The streets of Denmark’s second city Aarhus are full of clues that this is a climate-conscious country. Bottle recycling machines greet pedestrians at regular intervals; bike paths are teeming with cyclists in rain or shine — often with kids or cargo in tow; and out in the bay where the Kattegat connects the Baltic and North Seas, turbines help generate more wind power per person than almost any other country in the world.

It was here that the Nordic nation chose to launch its six-month stint heading up the EU Council, the body representing the bloc’s 27 national governments.

And a word that’s fallen out of vogue in European policy-making circles made the cut in Denmark’s stated priorities: “Green.”

“There’s a lot at stake,” Climate and Energy Minister Lars Aagaard told DW as Denmark’s EU presidency kicked off.

The days when climate policies dominated the European Union’s agenda; when school climate strikers demonstrating in towns and cities across the bloc prompted policymakers to come up with the so-called Green Deal, dubbed Europe’s “man on the moon moment” by the EU Commission back in 2018.

Since then, the realities of radically shifting geopolitics have swung like a wrecking ball onto Europe’s political consciousness — from Russia’s full-scale invasion of Ukraine and the resulting energy and inflation crisis, to US President Donald Trump’s tariffs and mounting existential fears in European industries from car-making to chemicals.

Green parties lost out in most countries in last year’s European elections after what many analysts dubbed a backlash against green policies.

The EU’s big promises to slash emissions have already been enshrined in law, allowing the bloc to keep up its claim of climate leadership on the global stage — especially with Washington pulling out of the Paris climate deal.

But bit-by-bit, lower-profile elements of Europe’s green legislation are coming under fire in debates on how to ease burdens on businesses to help the EU compete with the likes of China and the US.
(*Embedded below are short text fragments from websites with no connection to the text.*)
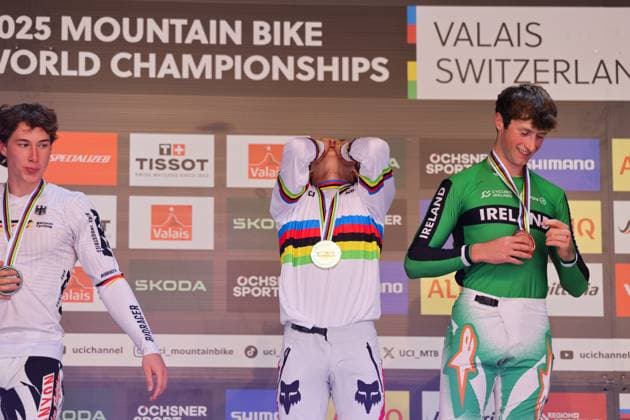 2025 UCI Mountain Bike World Championships Picture by Alex Whitehead SWpix.com - 07 09 2025 - Cycling - 2025 UCI Mountain Bike World Championships - Downhill - ChampÃ ry, Valais, Switzerland - Men Elite Podium - Jackson Goldstone (Canada) receiving the Gold Medal to become World Champion with Henri Kiefer (Germany) receiving the Silver Medal and Ronan Dunne (Ireland) receiving the Bronze Medal Copyright: x xSWpix.comx(t axPhotographyxHubxLtd)xAlexxWhitehead SWpix.comx SWP-3030-2819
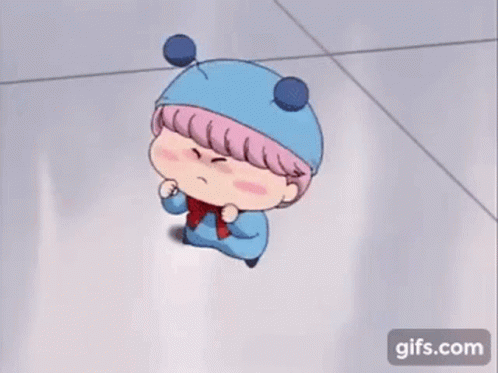 A Cartoon Character Wearing A Blue Hat And Scarf Is Standing On The Floor . GIF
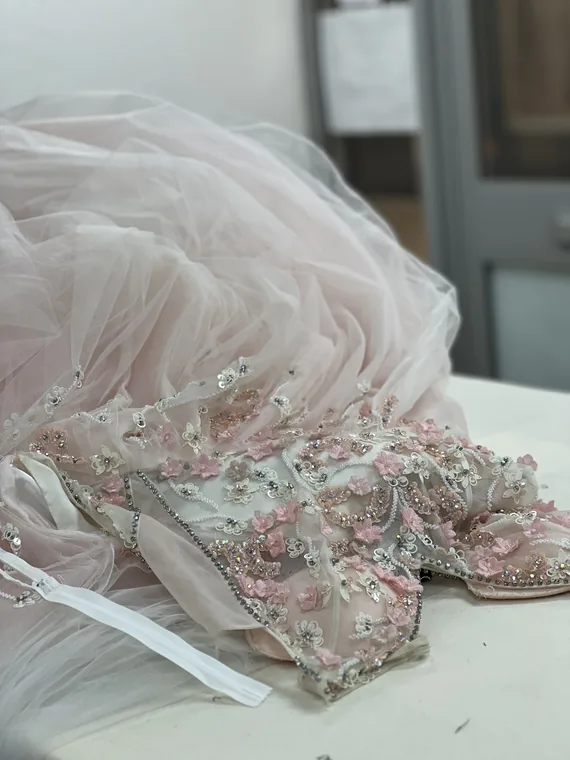 Close detail of blush beaded tulle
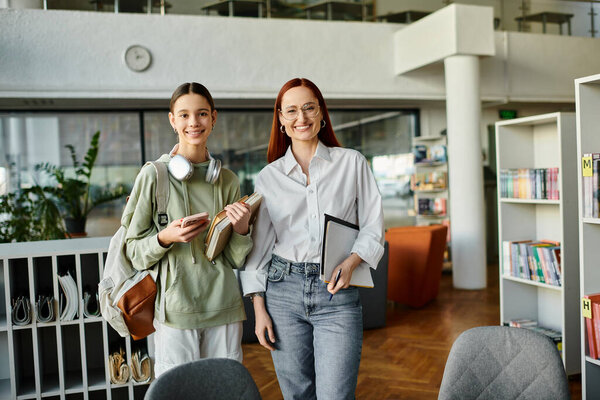 Рыжая женщина воспитывает девочку-подростка в библиотеке, внешкольные уроки современного образования.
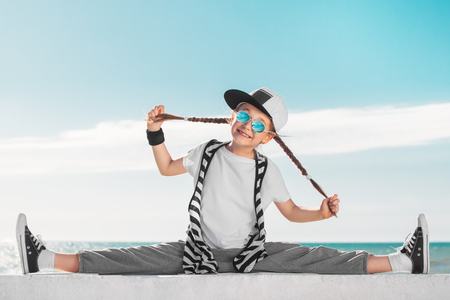 Fashion sport kid stretching over sky background.の写真素材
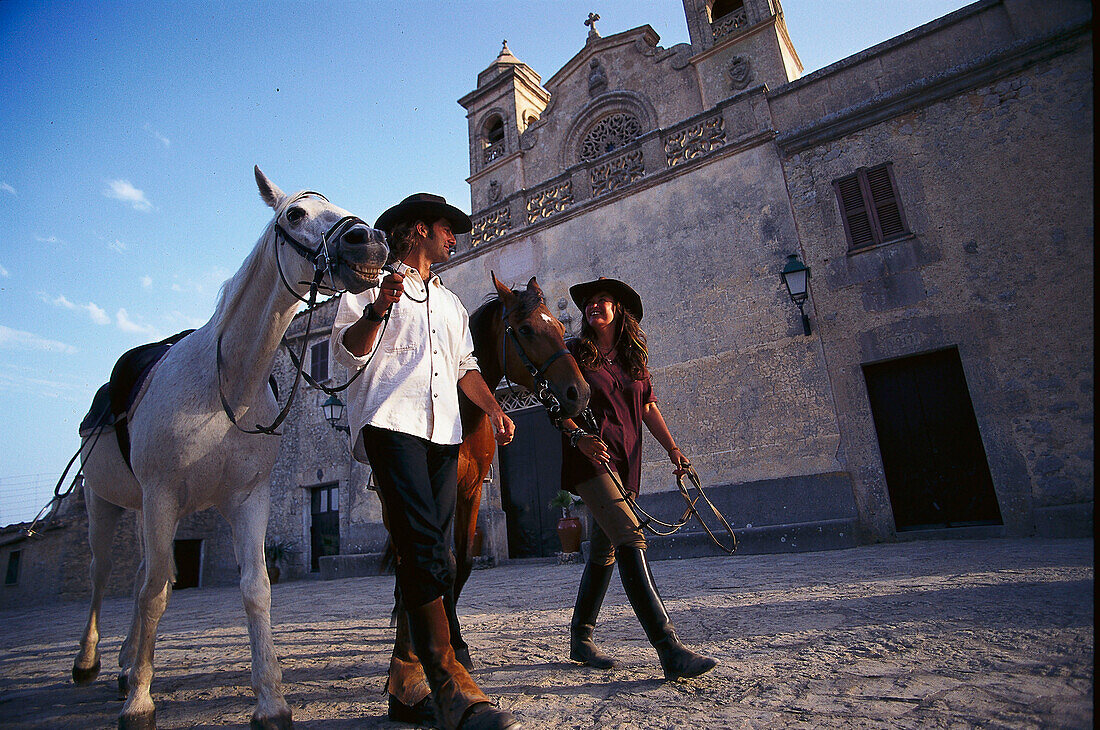 Ein Paar führt zwei Pferde, Mallorca, Spanien, Europa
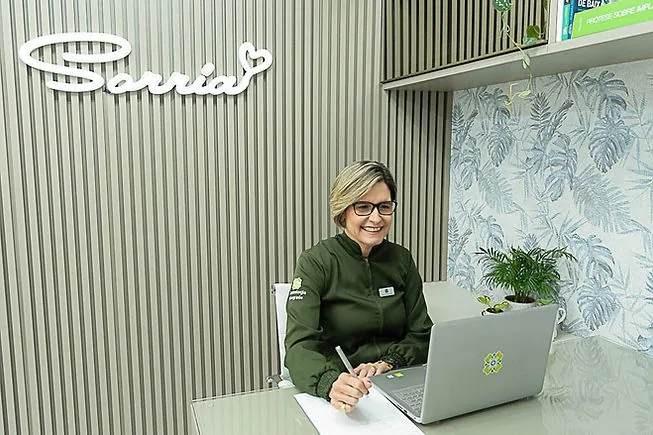 Paper free. Dr.a Claudia Assis sentada na sua mesa consultando o sistema Clinicorp,
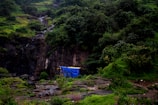 Hiker setting up float tent swiftly on uneven terrain beside a bubbling stream.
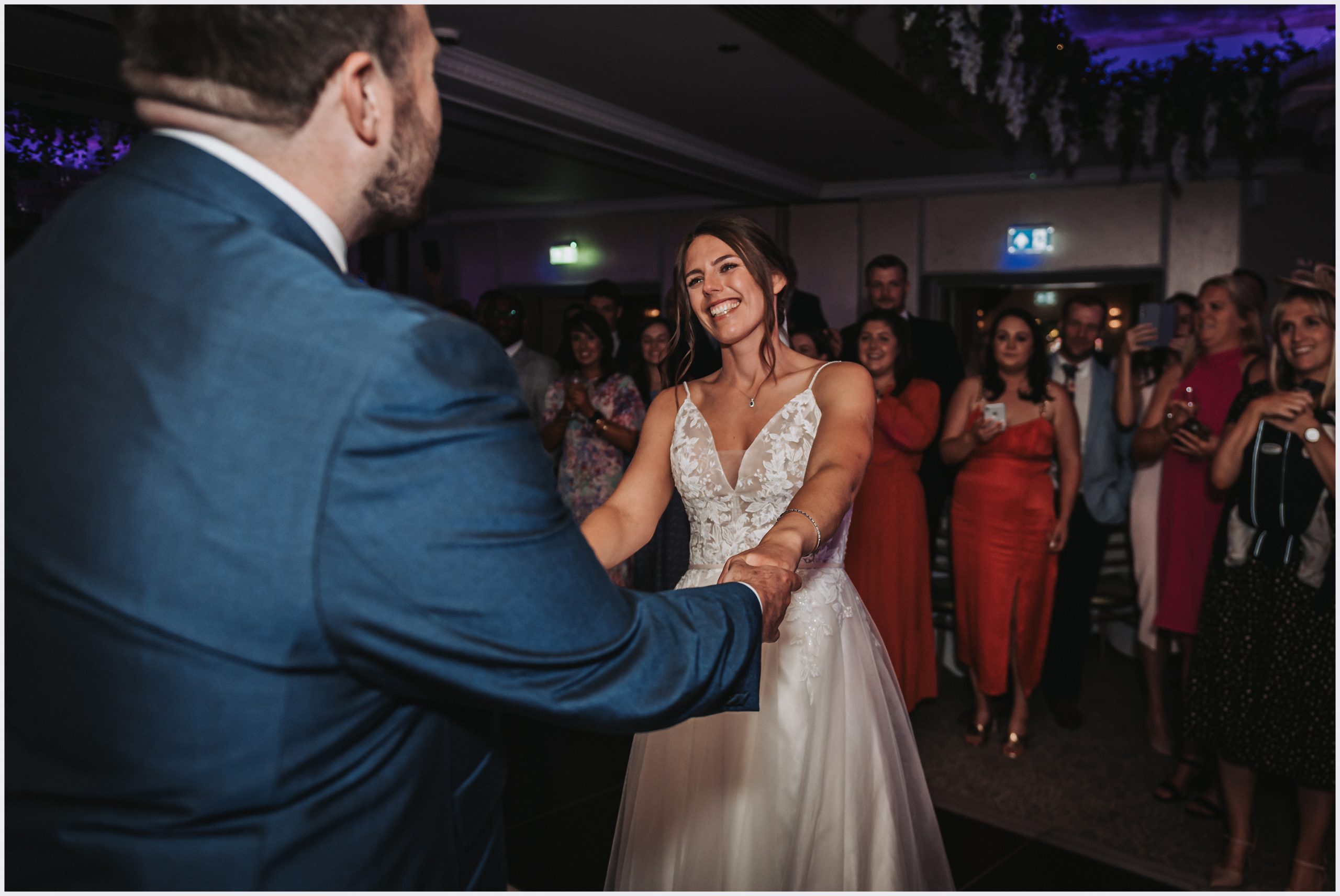 A beautiful bride smiles happily at her husband during their first dance at The Grosvenor Pulford Hotel and Spa.  Image captured by Cheshire wedding photographer Helena Jayne Photography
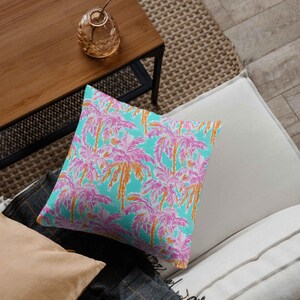 A throw pillow rests on a modern couch, covered in a seamless tropical pattern of pink and orange palm trees against a turquoise background, adding a vibrant summer touch to home decor.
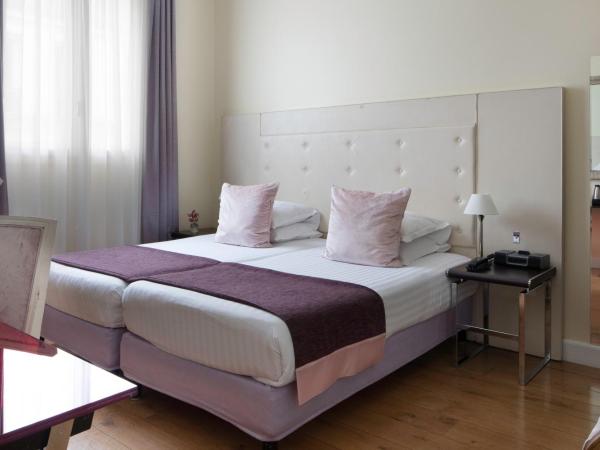 Le 123 Elysees - Astotel : photo 1 de la chambre chambre lits jumeaux standard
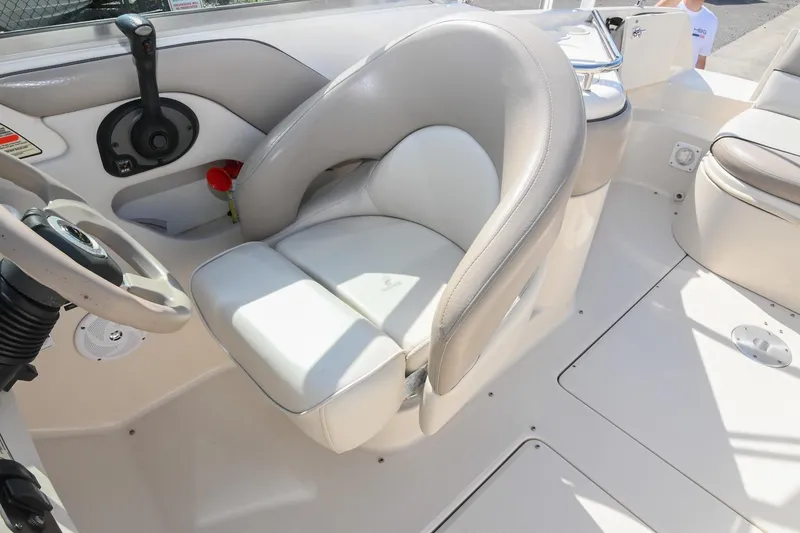 Slide: The Image of Interior of a 2002 Sea Ray 240 Sundeck boat, featuring a comfortable captain's chair. - 19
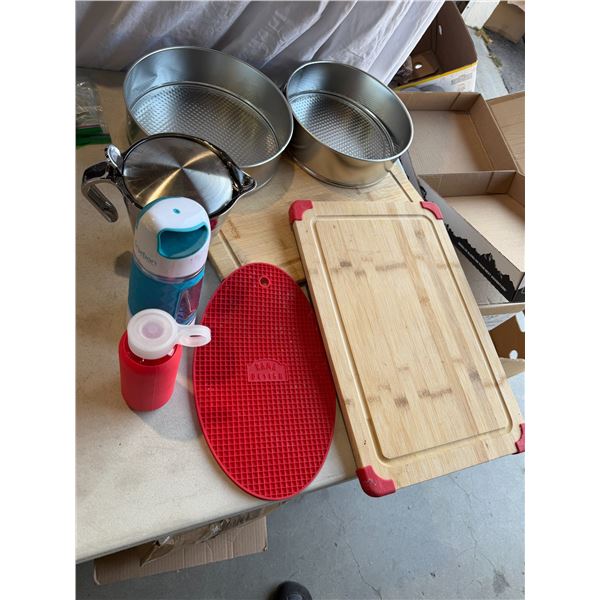 Baking pans, cutting boards, water bottles, water jug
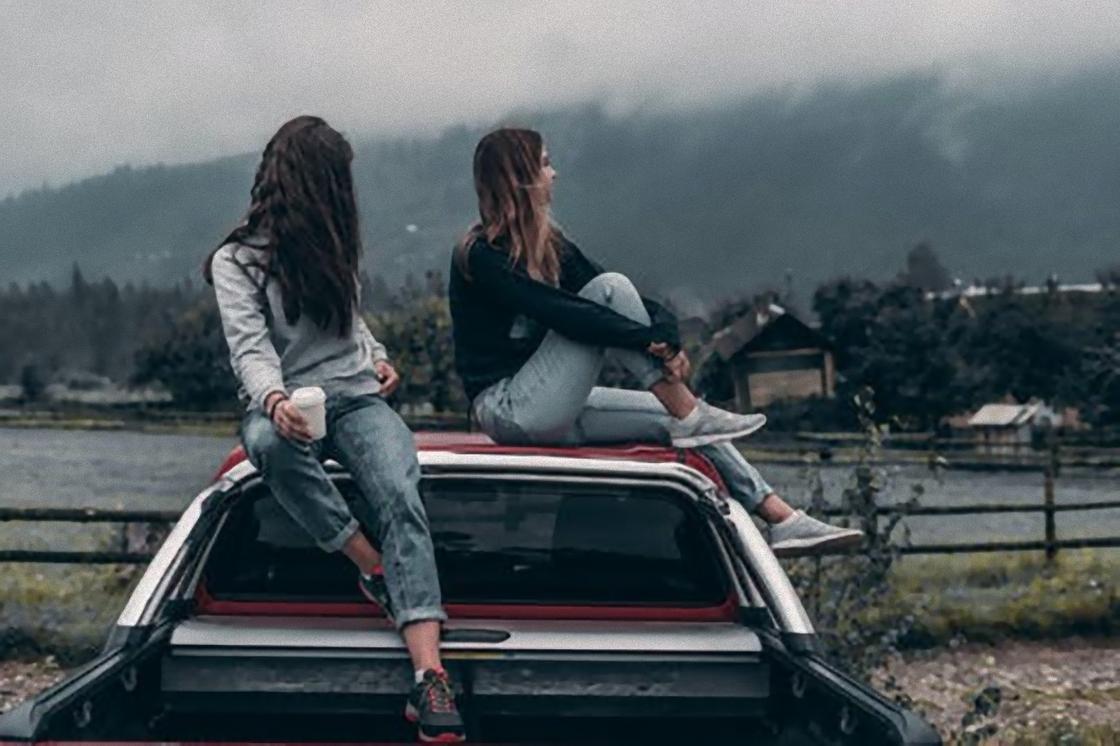 Девушки сидят на крыше автомобиля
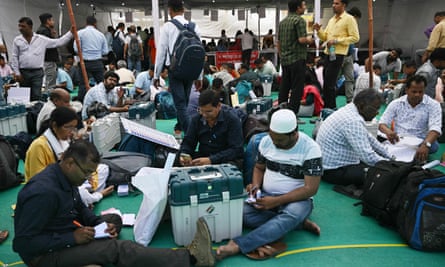 Dozens of people sitting in groups on the floor making notes and reading documents, with the machines in sealed boxes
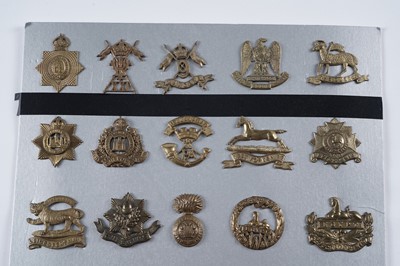 Lot 57 - A display of mostly First World War period British military cap badges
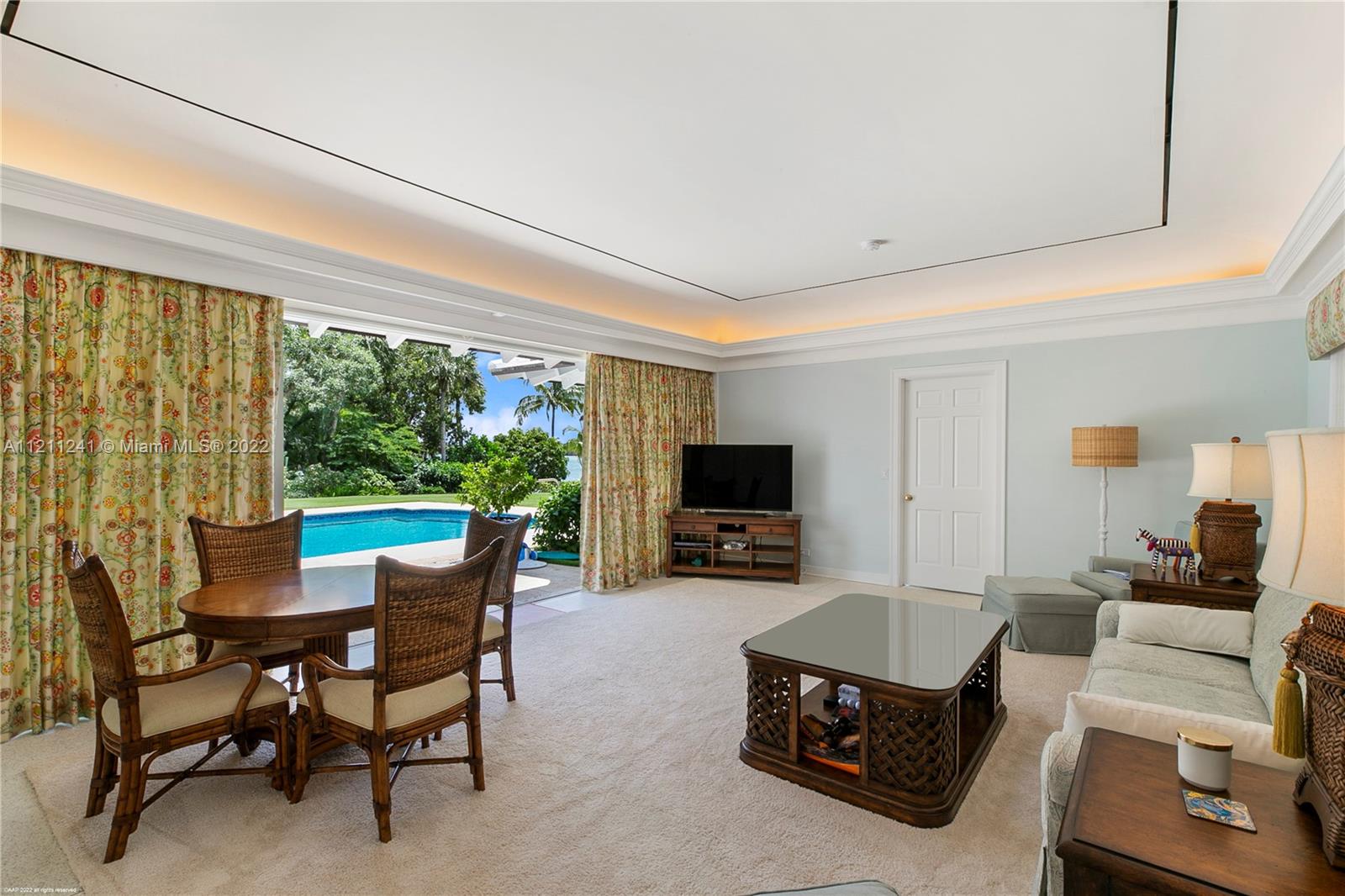 318 South Beach Road Hobe Sound, FL 33455 - Photo 54 of 69 a living room with furniture a flat screen tv and a floor to ceiling window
“We support a climate policy driven by innovation, investment, and responsibility — not by radical bans or ideology,” leaders of the EU’s biggest political grouping, the center-right European People’s Party, said in a statement late last month. “We are ambitious, yet pragmatic,” they wrote.

While those leaders praised a series of red-tape-cutting plans laid out by the EU’s executive, climate campaigners have rejected the moves. Recently, Brussels also sparked their ire by shelving draft anti-greenwashing rules.